Vendée Globe : Charlie Dalin, sensationnel vainqueur, pulvérise le record de l’épreuve
Envoyé spécial aux Sables-d’Olonne
La délivrance, enfin. Il est 8h25 précisément ce mardi matin quand Charlie Dalin passe la ligne d’arrivée avec son monocoque Macif illuminé par les premiers rayons du soleil et un ciel rougeoyant à l’horizon, entouré par une nuée de bateaux l’accompagnant. Des images magiques. Le Havrais vient de mettre un terme à sa circumnavigation entamée le 10 novembre en 64 jours, 19 heures 22 minutes et 49 secondes pour remporter la dixième édition de la plus prestigieuse des courses au large de la planète.
Un temps canon qui relègue le chrono d’Armel Le Cléac’h, datant de 2017 (74 jours, 3 heures et 35 minutes) aux oubliettes et fait entrer le Normand dans la légende de l’histoire de l’Everest des mers aux côtés de géants Michel Desjoyeaux, François Gabart, Christophe Auguin ou encore Titouan Lamazou, pour ne citer qu’eux.
Une victoire quatre ans après une deuxième place
Quatre ans après avoir vu la victoire lui passer sous le nez au jeu des bonifications au profit du valeureux Yannick Bestaven, troisième sur la ligne mais vainqueur après avoir participé à l’opération de sauvetage de Kévin Escoffier, et alors qu’il avait bouclé le tour du monde en tête, Dalin s’offre la plus belle ligne de son palmarès.

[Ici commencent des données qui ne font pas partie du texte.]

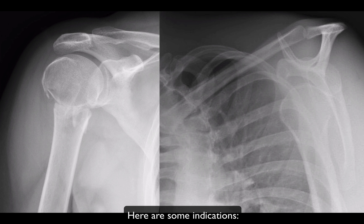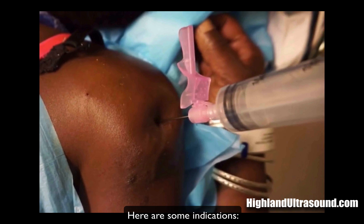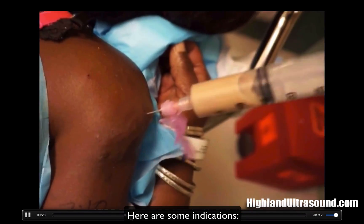Here are a couple of indications I've used it for: proximal humerus fracture, shoulder dislocation, and one that's been described in the past is a deltoid abscess. This picture I got from Hyland Ultrasound — there's a juicy abscess in here. This might be a reason to do an interscalene block.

Celle qui le consacre parmi les grands après avoir accumulé les places de deuxième, au point de pousser le discret skipper à déclarer, après sa deuxième place à la Route du rhum, qu’il faudrait l’appeler le Poulidor de la course au large.
Une étiquette bien embarrassante pour ce marin souvent placé mais pas gagnant ces dernières années dans les grands rendez-vous (deuxième de Vendée Globe et de la Transat Jacques Vabre en 2021 et 2e à la Route du rhum en 2022), dont il s’est définitivement débarrassé. Figurant parmi les favoris de l’édition 2024-2025, Dalin est venu à bout d’un exceptionnel bras de fer avec Yoann Richomme (Paprec-Arkéa) attendu, lui, dans la nuit de mardi à mercredi.

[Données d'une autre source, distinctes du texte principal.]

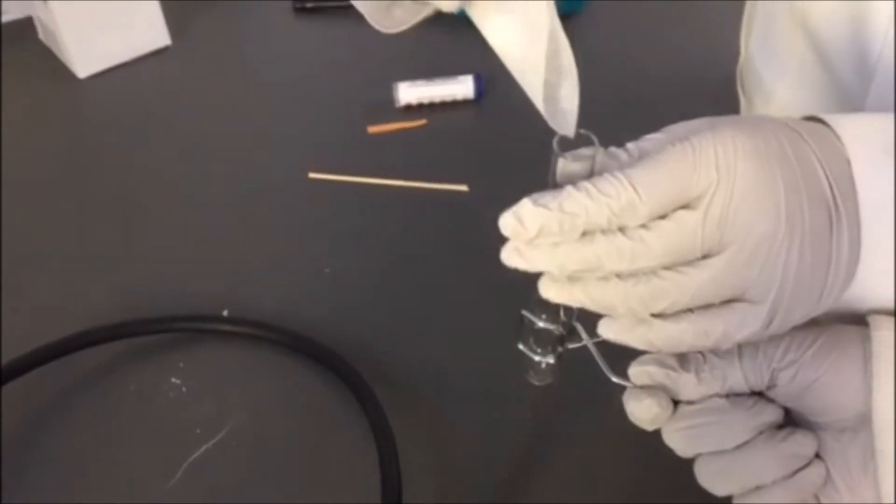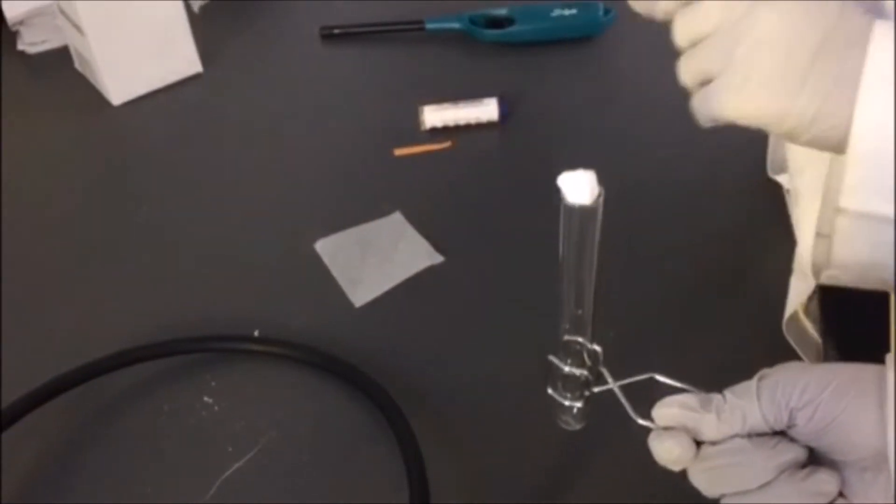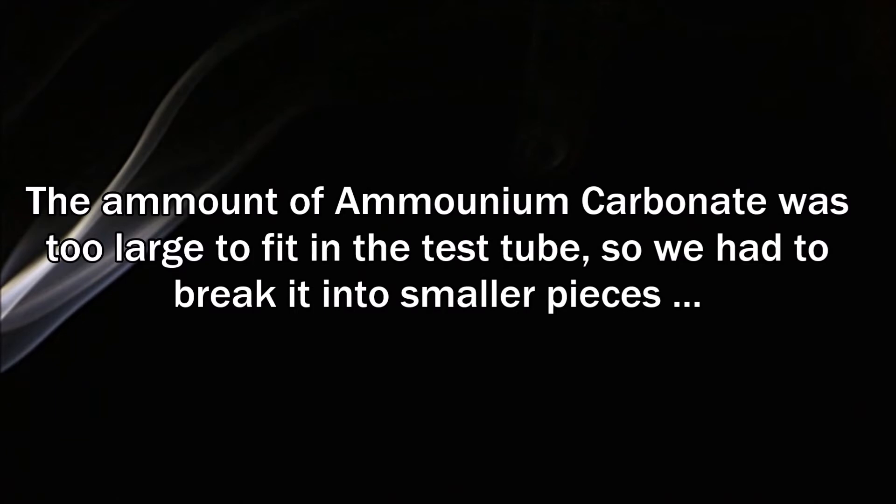So we're placing the ammonium carbonate into the test tube, and then we're going to put it on top of the test tube.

Un duel dans lequel s’est longtemps invité Sébastien Simon (Groupe Dubreuil). L’autre révélation de cette course a lâché prise après avoir abîmé son foil bâbord le 8 décembre, en pleine bataille dans les mers du sud déchaînées, «là où il n’y a plus de morale » comme aime le dire avec justesse le navigateur Thomas Coville. En tête au passage du Cap de Bonne-Espérance, Dalin est sorti de l’interminable tunnel de l’Océan Indien et Pacifique au cap Horn dans les rétroviseurs de Yoann Richomme, à seulement neuf heures. La dernière ligne droite était lancée.
Dalin a repris les commandes de la course le 30 décembre
La remontée tortueuse de l’Atlantique et ses pièges a souri à l’architecte naval qui a repris la main, une semaine après le passage à la Terre de feu, au large des côtes sud-américaines le 30 décembre. Son ami devenu grand rival ne l’a pas lâché d’une semelle dans l’Hémisphère nord. À une semaine de l’arrivée en Vendée l’inséparable duo se suivait toujours à la trace. L’écart a joué au yo-yo autour de 200 milles marins mais est finalement resté à l’avantage du skipper de Macif, restant à bonne distance du canon de son chasseur.

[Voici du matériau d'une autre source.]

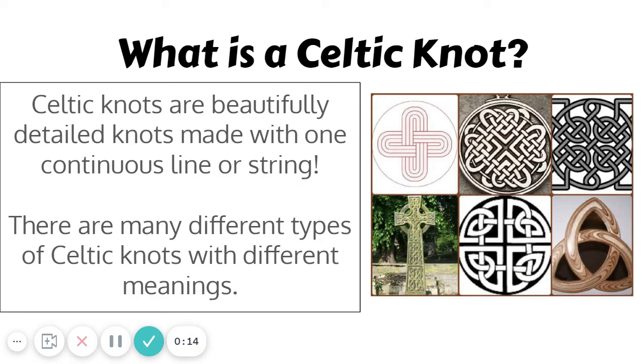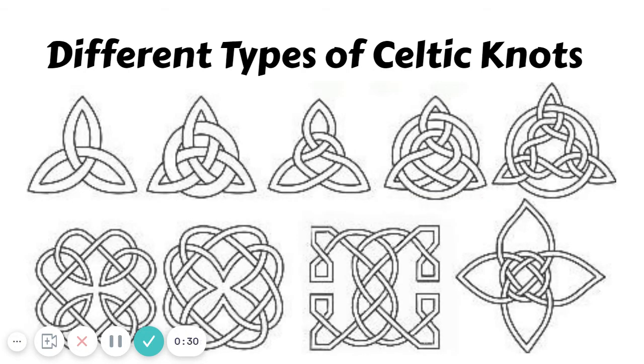First let's just review what a Celtic knot is. If you remember from last week, we drew Celtic knots — they are these beautifully detailed knots that are made with one line or string. We did a drawing of a Celtic knot and chose different ones that I will show you in just a minute.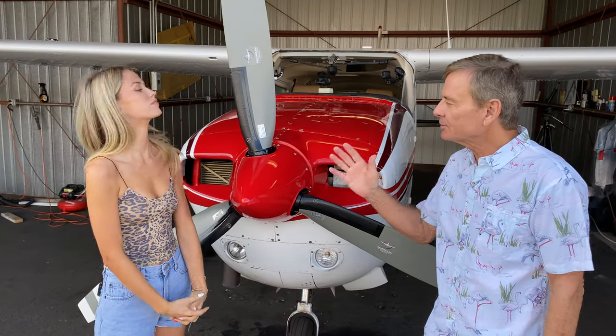All right Piper, today we're going to be talking about some of the aircraft systems. This aircraft is not certified for known icing conditions, but it does have some anti-ice capability.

«Il était le favori numéro un et il a su tenir son rang, ce n’est jamais facile à porter, surtout sur une épreuve aussi longue. Il a fait une course stratégiquement brillante, notamment dans l’Océan Indien quand il a fait un coup un peu osé à l’avant d’une grosse tempête au large des Kerguelen», explique Armel Le Cléach, le skipper du maxi-trimaran Banque Populaire.
«Sa deuxième place il y a quatre ans des circonstances particulières lui a sans doute permis de se forger une armure et d’avoir un surplus d’énergie dans les moments durs. Il sait ce que c’est d’être deuxième, je l’ai vécu en 2012 (avant de s’imposer quatre ans plus tard, NDLR) et c’est compliqué à gérer. Peut-être que, dans ces moments de doute et de fatigue, il s’est dit "Je ne peux pas lâcher maintenant, parce que je finirai encore avec cette frustration derrière moi. Il faut savoir la surmonter et vivre avec"», ajoute le marin, rendant un bel hommage à l’un de ses successeurs au palmarès du Graal de la course au large. Le dernier invité de cette prestigieuse lignée comptant désormais neuf noms en dix courses, Michel Desjoyeaux étant le seul à ce jour avoir triomphé deux fois (2000-2001 et 2008-2009).